Minimal reproduction

Cargo.toml:

[dependencies]
lance = { git = "https://github.com/lance-format/lance", tag = "v9.0.0-beta.5" }
arrow-array = "58"
arrow-schema = "58"
tokio = { version = "1", features = ["macros", "rt-multi-thread"] }
futures = "0.3"

src/main.rs:

use std::sync::Arc;
use arrow_array::{ArrayRef, RecordBatch, RecordBatchIterator, StringArray};
use arrow_schema::{DataType, Field, Schema};
use futures::TryStreamExt;
use lance::dataset::write::merge_insert::{MergeInsertBuilder, WhenMatched, WhenNotMatched};
use lance::dataset::{Dataset, WriteMode, WriteParams};

async fn merge(ds: Dataset, batch: RecordBatch, schema: Arc<Schema>) -> Dataset {
    let mut b = MergeInsertBuilder::try_new(Arc::new(ds), vec!["slug".into()]).unwrap();
    b.when_matched(WhenMatched::UpdateAll);
    b.when_not_matched(WhenNotMatched::InsertAll);
    let (ds, _) = b.try_build().unwrap()
        .execute_reader(Box::new(RecordBatchIterator::new(vec![Ok(batch)], schema))).await.unwrap();
    (*ds).clone()
}

#[tokio::main]
async fn main() {
    let uri = "/tmp/lance-rowid-repro";
    let _ = std::fs::remove_dir_all(uri);
    let schema = Arc::new(Schema::new(vec![
        Field::new("slug", DataType::Utf8, false),
        Field::new("title", DataType::Utf8, false),
    ]));
    let mk = |a: Vec<String>, b: Vec<String>| RecordBatch::try_new(schema.clone(),
        vec![Arc::new(StringArray::from(a)) as ArrayRef, Arc::new(StringArray::from(b)) as ArrayRef]).unwrap();

    // Empty dataset WITH stable row ids.
    let params = WriteParams { mode: WriteMode::Create, enable_stable_row_ids: true, ..Default::default() };
    let ds = Dataset::write(RecordBatchIterator::new(vec![Ok(mk(vec![], vec![]))], schema.clone()), uri, Some(params)).await.unwrap();

    // Seed via merge_insert (40 rows), then merge_insert-UPDATE 15 of them (merge-on-merge).
    let ds = merge(ds, mk((1..=40).map(|i| format!("t{i}")).collect(), (1..=40).map(|i| format!("r{i}")).collect()), schema.clone()).await;
    let mut ds = merge(ds, mk((1..=15).map(|i| format!("t{i}")).collect(), (1..=15).map(|i| format!("e{i}")).collect()), schema.clone()).await;

    // Delete one row (deletion vector), then a FILTERED scan that requests row ids.
    let mut ds = (*ds.delete("slug = 't20'").await.unwrap().new_dataset).clone();
    let mut scan = ds.scan();
    scan.with_row_id();
    scan.filter("slug = 't3'").unwrap();
    let n: usize = scan.try_into_stream().await.unwrap().try_collect::<Vec<RecordBatch>>().await.unwrap()
        .iter().map(|b| b.num_rows()).sum();
    println!("filtered rows = {n} (expected 1)"); // never reached in debug: panics first
}

cargo run panics:

thread 'tokio-runtime-worker' panicked at rust/lance-table/src/rowids/index.rs:50:
assertion `left == right` failed: Wrong range for 3..=39, chunks:
  [(3..=39, (RangeWithBitmap { range: 3..40, ... })),
   (5..=5, (Range(5..6), ...)), (16..=16, ...), (17..=17, ...), ... ]
  left: 37
 right: 36

What is required to trigger it

  • The seed must be written via merge_insert (merge-on-merge).
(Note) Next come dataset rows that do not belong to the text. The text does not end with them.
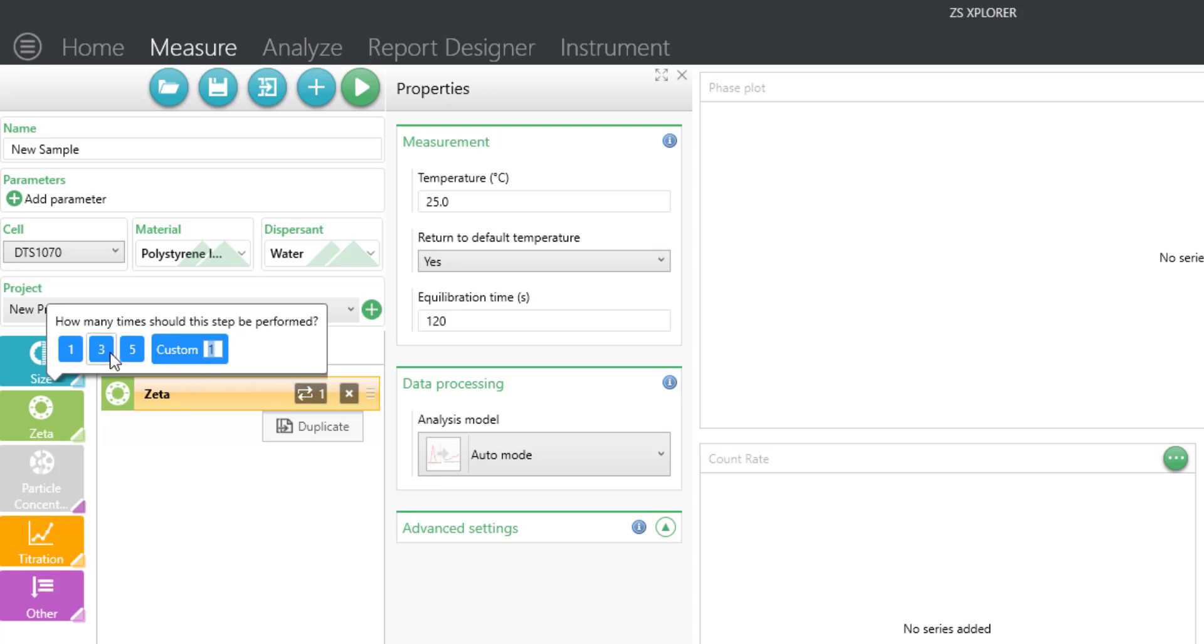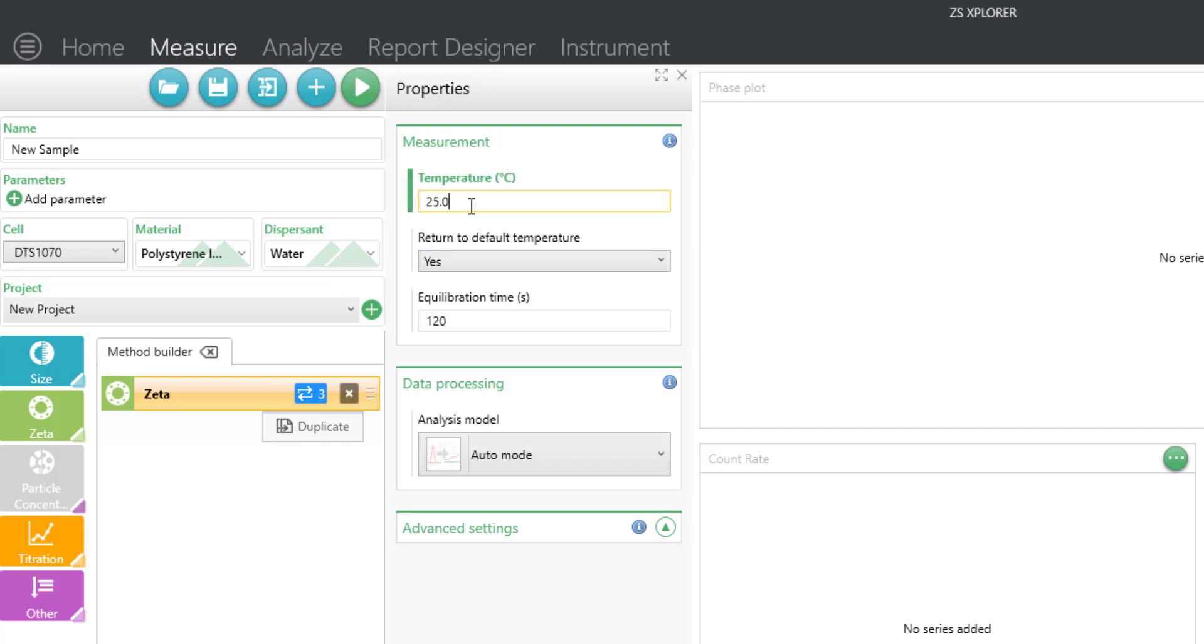Next, type in your measurement temperature, which can range from 0 to 70°C for zeta potential analysis. Add in any necessary equilibration time to bring the sample to the instrument temperature. Our default is two minutes, but this can be adjusted.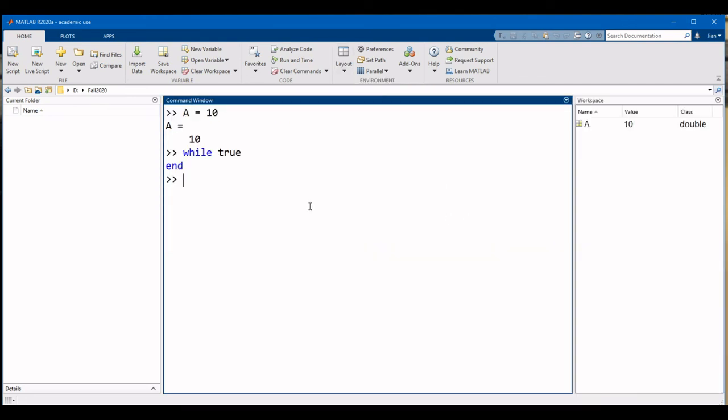So those are the most important components of the MATLAB interface. Let's have a look at a quick quiz to make sure that everyone is on the same page.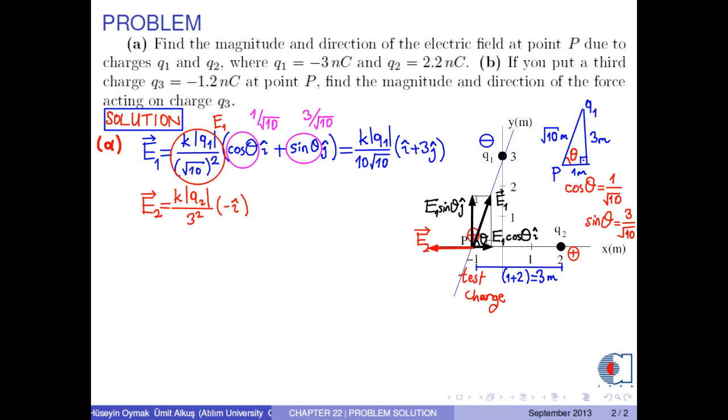So we have negative k times the absolute value of q2 over 9, in the i-hat direction.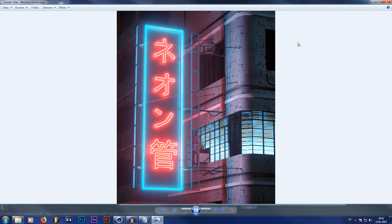Alright guys, what is going on everybody? My name is the Dizzy Viper and welcome to today's tutorial. In this tutorial I'm going to show you how you can make a realistic looking neon sign from scratch.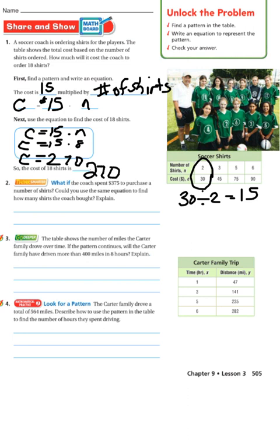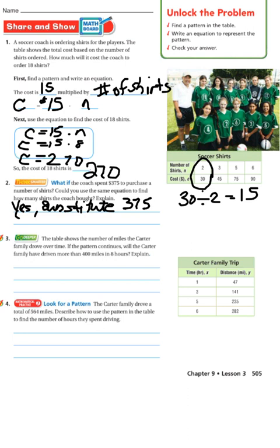Think Smarter: What if the coach spends $375 to purchase a number of shirts? Could you use the same equation to find how many shirts the coach bought? Yes, I could use the same equation. Substitute 375 for the variable C, then solve for N.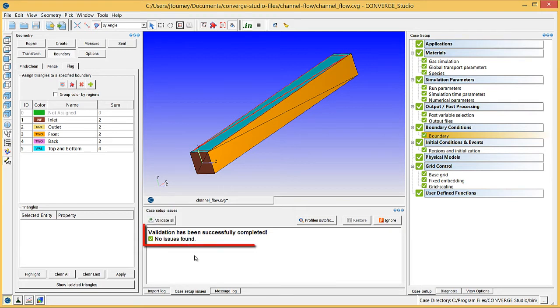If you see the Validation has been successfully completed, no issues found message, you are ready to export the input files and run the simulation.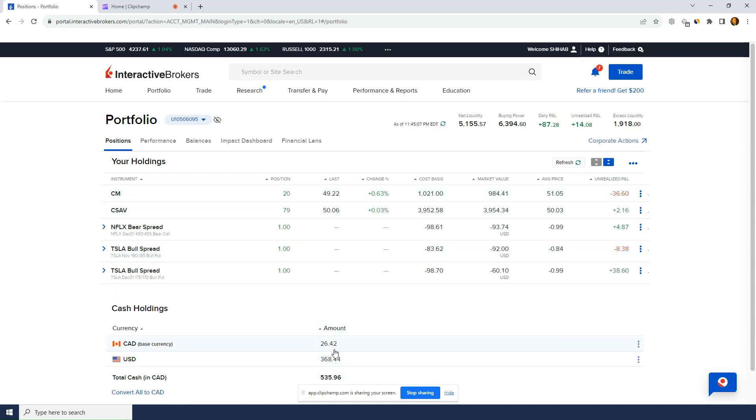But yeah, overall I'm enjoying it. Especially since I mostly trade one contract spreads. So it makes a big difference with commissions.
A native Dataset::write seed plus one merge does not reproduce — the trigger is merge_insert rewriting a fragment that was itself merge-written.
  • The delete is required to surface it (it makes the live row count diverge from the row-id range span). Without it the overlapping ranges are tolerated.
  • Only filter + with_row_id fails; a full scan returns correct rows.

Mechanism

The merge-update moves the rewritten rows to a new fragment keeping their stable ids (3, 4, 5, …), while the source fragment's row-id sequence still spans the full range (0..=39). Two fragments then claim the same ids, and RowIdIndex::new's overlapping-chunk invariant (range span == sum of live chunk lengths) fails once the deletion makes the counts diverge (37 != 36 above).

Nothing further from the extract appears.